Check that your implementation is correct:

In [14]:
def test_sentence_to_ids():
    sentences = [("123+123", 7), ("123+123", 8), ("123+123", 10)]
    expected_output = [([5, 6, 7, 3, 5, 6, 1], 7), 
                       ([5, 6, 7, 3, 5, 6, 7, 1], 8), 
                       ([5, 6, 7, 3, 5, 6, 7, 1, 2, 2], 8)] 
    for (sentence, padded_len), (sentence_ids, expected_length) in zip(sentences, expected_output):
        #print("sentence:", sentence)
        output, length = sentence_to_ids(sentence, word2id, padded_len)
        print(output)
        if output != sentence_ids:
            return("Convertion of '{}' for padded_len={} to {} is incorrect.".format(
                sentence, padded_len, output))
        if length != expected_length:
            return("Convertion of '{}' for padded_len={} has incorrect actual length {}.".format(
                sentence, padded_len, length))
    return("Tests passed.")

In [15]:
print(test_sentence_to_ids())

[5, 6, 7, 3, 5, 6, 1]
[5, 6, 7, 3, 5, 6, 7, 1]
[5, 6, 7, 3, 5, 6, 7, 1, 2, 2]
Tests passed.


We also need to be able to get back from indices to symbols:

In [16]:
"""
    把下标转换回句子
"""
def ids_to_sentence(ids, id2word):
    """ Converts a sequence of ids to a sequence of symbols.
    
          ids: a list, indices for the padded sequence.
          id2word:  a dict, a mapping from ids to original symbols.

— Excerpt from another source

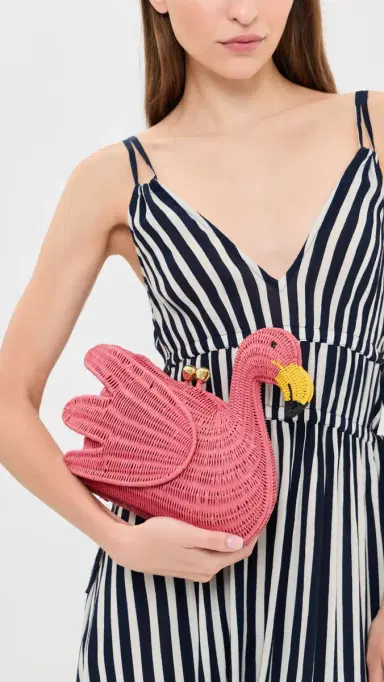 SERPUI Dante Flamingo Clutch | Thumbnail 3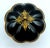 Black Antique Large Porcelain Bonbon Covered Bowl For Sale - Image 8 of 10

          result: a list of symbols.
    """
 
    return [id2word[i] for i in ids] 

#### Generating batches

The final step of data preparation is a function that transforms a batch of sentences to a list of lists of indices. 

In [17]:
#sentences：传进来的tuple的列表
#官方代码：一次确实只能处理一个句子
#如果batch_to_ids一次可以处理一个句子集合，我的问题就迎刃而解了
def batch_to_ids(sentences, word2id, max_len):
    """Prepares batches of indices. 
    
       Sequences are padded to match the longest sequence in the batch,
       if it's longer than max_len, then max_len is used instead.

        sentences: a list of strings, original sequences.
        word2id: a dict, a mapping from original symbols to ids.
        max_len: an integer, max len of sequences allowed.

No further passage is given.